[cwes]

Hi bwana

there can be pairs of 13 different values. To have the chance to flop a set, there may be only one player holding a pair of any value. A pair has to contain two of four colors. So a pair of each value can be constructed in '4 choose 2 = 6' ways.

Hence the first player's propability of getting any pair is '(13 x 6)/(52 choose 2) = 78/1326'. The second player's 'Pr(any other pair) = (12 x 6)/(50 choose 2) = 72/1225', the third player's 'Pr(any left over by #1 and #2 pair) = (11 x 6)/(48 choose 2) = 66/1128'.

Propability for the other players to get any hand is exactly 1. Notice that we allow the other players (#4-#6) to hold a pair of a value #1-#3 are holding a pair of.

Muliply these values and you get the propability that "at least three players are holding a pair each that differ in value". I will call this propability 'A'.
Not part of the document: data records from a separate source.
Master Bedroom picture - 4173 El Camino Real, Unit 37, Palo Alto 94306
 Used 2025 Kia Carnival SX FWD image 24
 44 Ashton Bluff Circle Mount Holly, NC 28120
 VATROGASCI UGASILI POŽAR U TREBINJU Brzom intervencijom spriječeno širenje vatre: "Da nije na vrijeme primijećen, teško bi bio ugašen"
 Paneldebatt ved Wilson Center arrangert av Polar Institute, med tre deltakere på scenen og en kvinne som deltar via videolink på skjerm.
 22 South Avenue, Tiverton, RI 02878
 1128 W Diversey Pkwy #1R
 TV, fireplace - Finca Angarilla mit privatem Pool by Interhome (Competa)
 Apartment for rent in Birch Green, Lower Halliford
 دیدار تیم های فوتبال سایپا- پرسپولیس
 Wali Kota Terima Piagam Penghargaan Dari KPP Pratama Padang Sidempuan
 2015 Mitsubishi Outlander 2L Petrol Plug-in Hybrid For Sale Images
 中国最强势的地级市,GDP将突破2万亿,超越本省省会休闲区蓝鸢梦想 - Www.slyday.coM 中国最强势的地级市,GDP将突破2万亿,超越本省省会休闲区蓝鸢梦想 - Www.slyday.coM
Now you still need the propability to flop three cards that each give one of players #1-#3 a set. This propability obviously is 'B = 2/46 x 2/45 x 2/44 = 8/91080'. Using these propabilities we eliminate the problem of other players eventually having caught cards of the values of #1-#3's pairs.

So your propability is 'A x B'. It says, this happens once every 56,280,000 hands that players #1-#3 all get a pair and then flop a set.

Now multiply this propability by '3 choose 6 = 20' to get the propability of this happening to any three out of six players. So it should happen every 2,814,000 hands in a six handed game and every 470,000 hands in a ten handed game (this happens independently from the pairs seeing the flop or not, propabilities do not really care about players decisions).

I hope I got that right...